Sanofi: Nexviazyme Achieves Its Goal in Phase 3 for Infants
Sanofi announced on Tuesday positive phase 3 results for Nexviazyme in treating the early-infantile form of Pompe disease in infants. The company plans to submit these data to U.S. regulatory authorities by the second half of 2026.
Success Across All Expected Efficacy Criteria
The open-label Baby-COMET study, involving 17 treatment-naive infants aged 12 months or less, met its primary endpoint: the proportion of participants alive and free from invasive ventilation at 52 weeks. The trial also met all secondary endpoints, including maintaining this state of survival without respiratory assistance at 12 and 18 months of life, as well as measurable improvements in other disease progression indicators at 52 weeks.
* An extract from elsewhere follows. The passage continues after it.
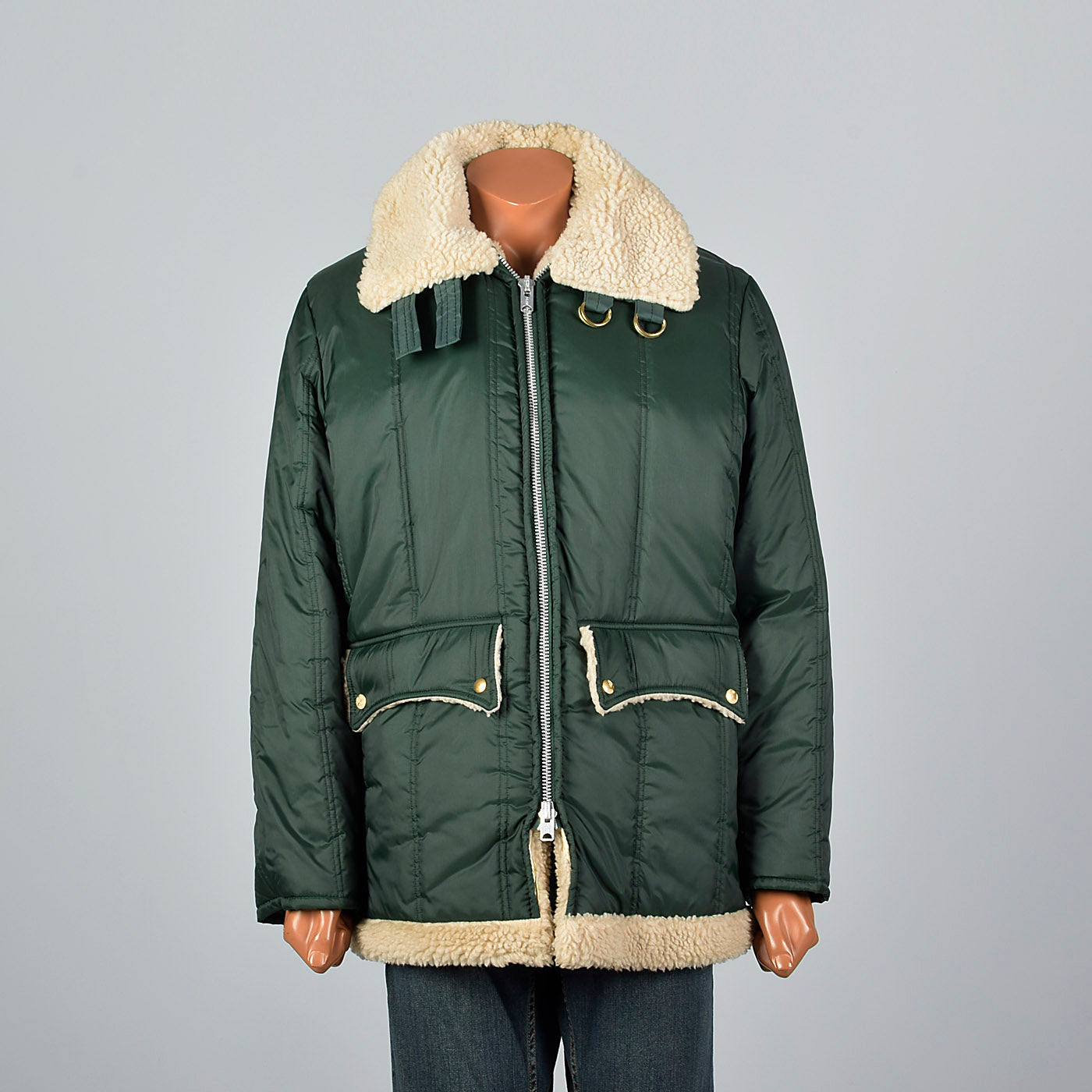 1960s Men's Green Satin Chore Coat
These clinical results will be presented on July 8, 2026, at the 19th International Congress of Neuromuscular Diseases, to be held in Florence. The tolerance profile was favorable: no serious adverse events related to the treatment, no deaths, no discontinuations due to toxicity, with infusion-related reactions observed in 29.4% of participants and deemed manageable.
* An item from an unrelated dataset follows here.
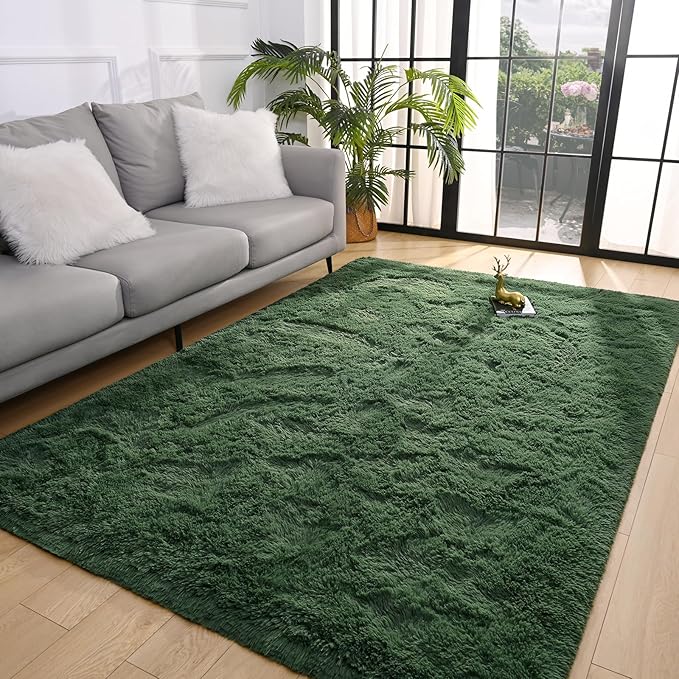 Pettop Fluffy Deep Green Area Rug for Bedroom Living Room, 6x9 Feet Soft Plush Fuzzy Rugs for Girls Kids Boys, Non-Slip and Washable Rug for Nursery Classroom, Carpet for Rooms Decor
Indication Extension and Regulatory Prospects
Nexviazyme, already approved in several countries for the late-onset form of Pompe disease, is thus targeting an indication extension to early-infantile forms. In the United States, the drug was authorized in 2021 for patients aged one year and older with the late-onset form. In Europe, marketed under the name Nexviadyme, it received approval in 2022 covering both late-onset and early-infantile forms. Sanofi plans to file a request for label expansion with the U.S. federal authorities in the second half of 2026.